Many companies will be doing physical inventories (and adjusting their ERP systems to agree with counts) at the end of December and the first of January. Remember that just because you are a small business, you’re not exempt from fraud. In fact, the MAJORITY of frauds occur in businesses with less than 100 employees! Here are some things to look for when you are doing these adjustments (for both managers and IT departments / outsourcers):
- Many adjustments to reduce inventory without many entries to increase inventory. In most inventory systems, counts on items will be different from the inventory records. Keying errors, stocking errors, shipping errors, etc., all contribute to this. You’ll ship a black item when midnight blue was ordered, and the customer won’t complain because the colors are so similar. However, if all the entries are in a downward direction, something is causing inventory to shrink. You should dig deeper to find out what it is.

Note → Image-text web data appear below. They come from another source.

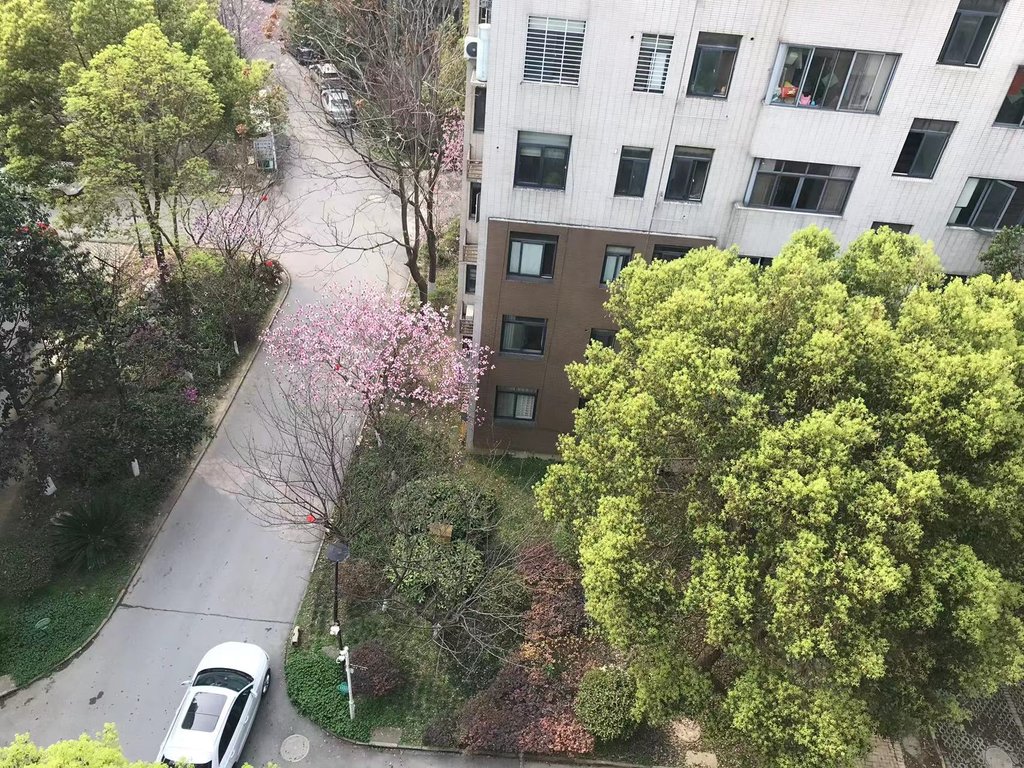 世纪雅园毛坯复式户型方正带一个车位房东诚意出售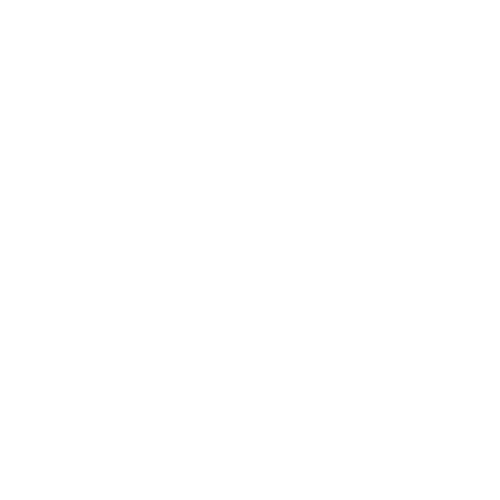 professional seo services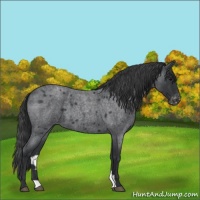 Horse Color:Blue Roan Appaloosa 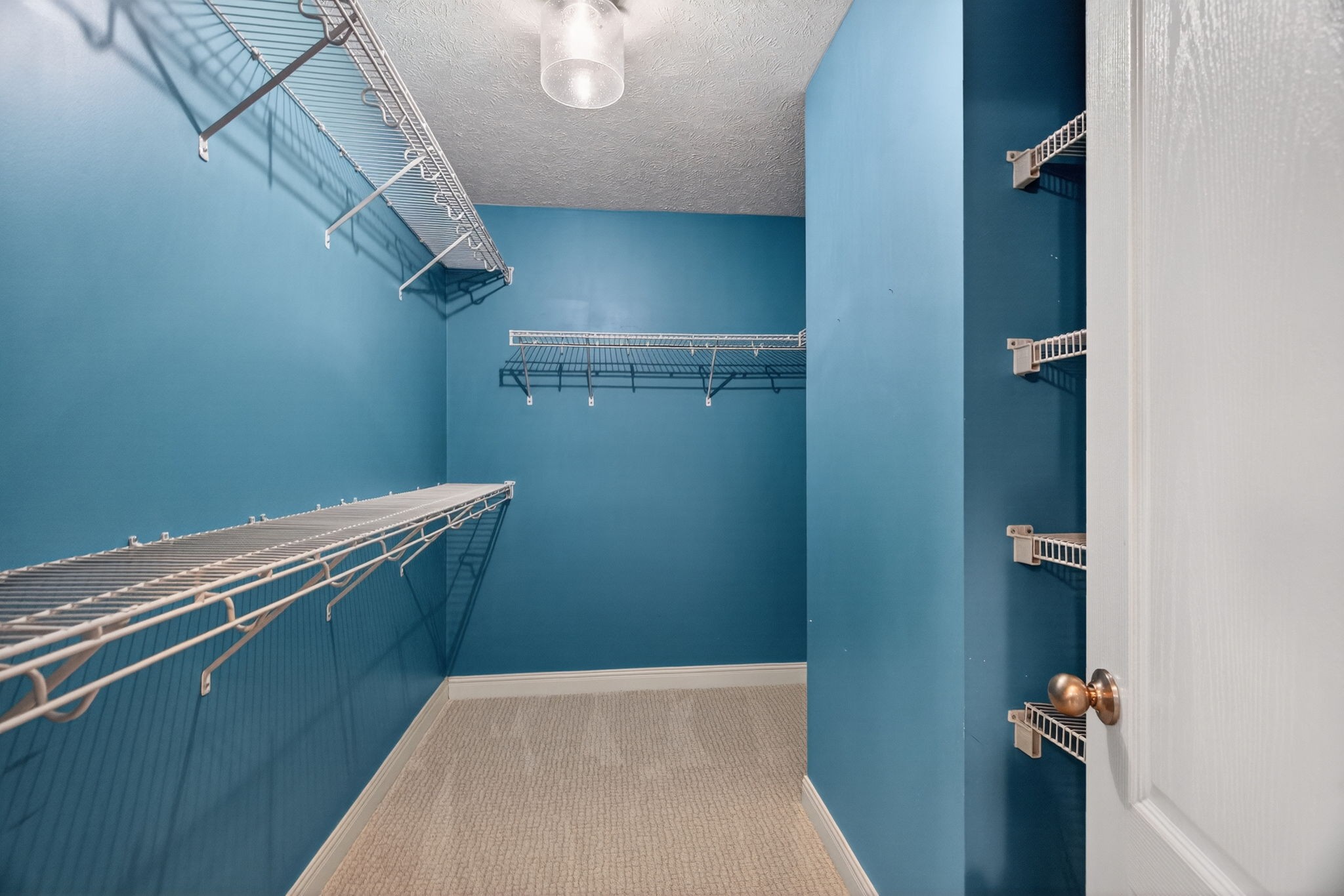 307 Sarah Lane Portland TN 37148
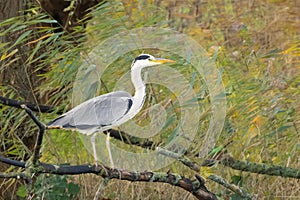 Close up of an observant suspicious Great Blue Heron, Ardea cinerea, standing on a branch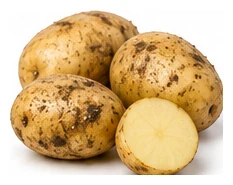 Potato harvest / detail
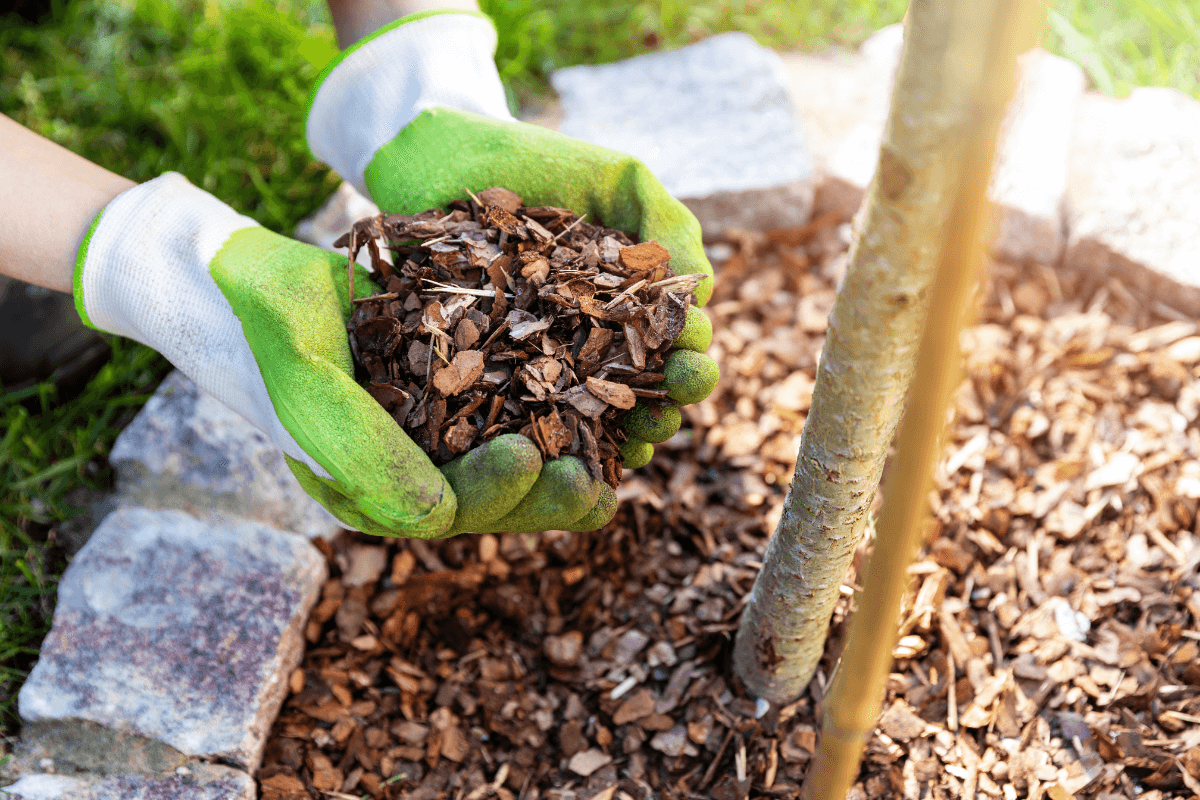 dealing with brown mulch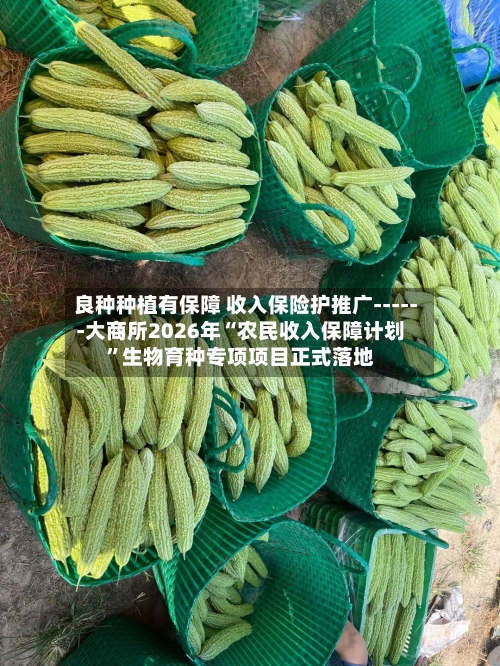 良种种植有保障 收入保险护推广------大商所2026年“农民收入保障计划	”生物育种专项项目正式落地-第1张图片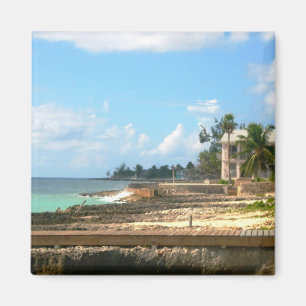 Aimant En Bord De Mer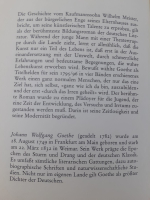 Wilhelm Meisters Lehrjahre. Иоганн Вольфганг Гете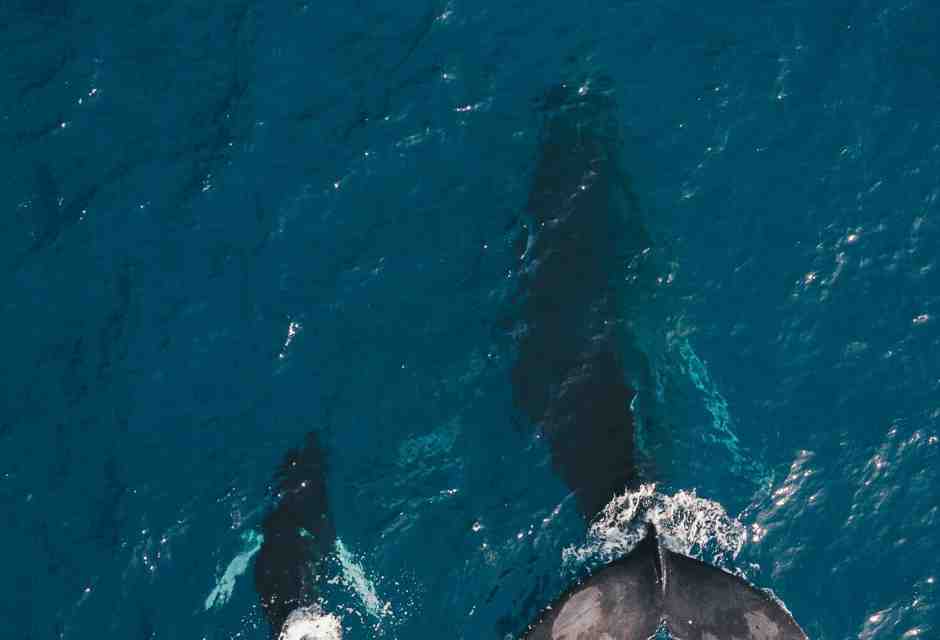 "Il canto del mare". Madre e figlio insieme a seguire il tragitto delle balene e di sé stessi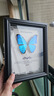大蓝闪蝶标本【真蝴蝶标本】稀有进口天堂凤蝶摆件 黎明闪蝶 8寸框 实拍图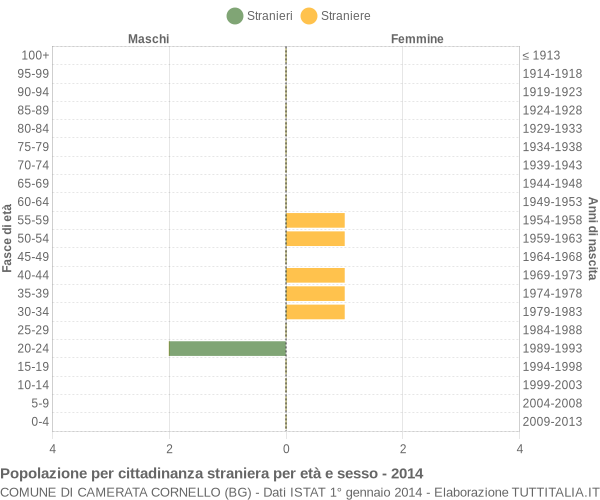 Grafico cittadini stranieri - Camerata Cornello 2014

- Credits to customer accounts that don’t correspond to inventory returns. This depends on the type of business you’re in. In many businesses, customers should not receive credit until the product is returned. Seeing entries in customer accounts that aren’t justified by inventory receipts may indicate a need to dig a bit.
- Employees that stay late and arrive early to do parts of the inventory count themselves. This may indicate a need to adjust counts to the correct numbers.
- Profit margins that decrease from year to year after the adjustments are posted
- Take particular note of misplaced items.If you have a large number of items that are not located where they should be, you should look deeper. It may be carelessness, or it may be items that have been pulled from incoming or outgoing shipments without being recorded to ‘make up the difference’ for items stolen
This isn’t a comprehensive list, but it will help you get started thinking.
Here are some suggestions for taking a physical inventory to increase the chances that you’ll find fraud if it exists:
- Count in twos. One of the employees in each team should be an employee that doesn’t normally have access to inventory.
- Randomly recount items that have previously been counted. Make sure you count items from all the teams. You’ll find some errors, but if a team has a number of errors, all in the same direction, take a closer look.
- Randomly test pallets for hollow centers. Several inventory frauds have been covered up by stacking pallets around the edges and leaving the centers hollow (or filled with empty boxes). You also need to weigh and open a few boxes from the middle and bottom of pallets.
A few ideas. If you think you have a problem, consult an expert in both fraud and ERP systems. You’ll need both to get the best result.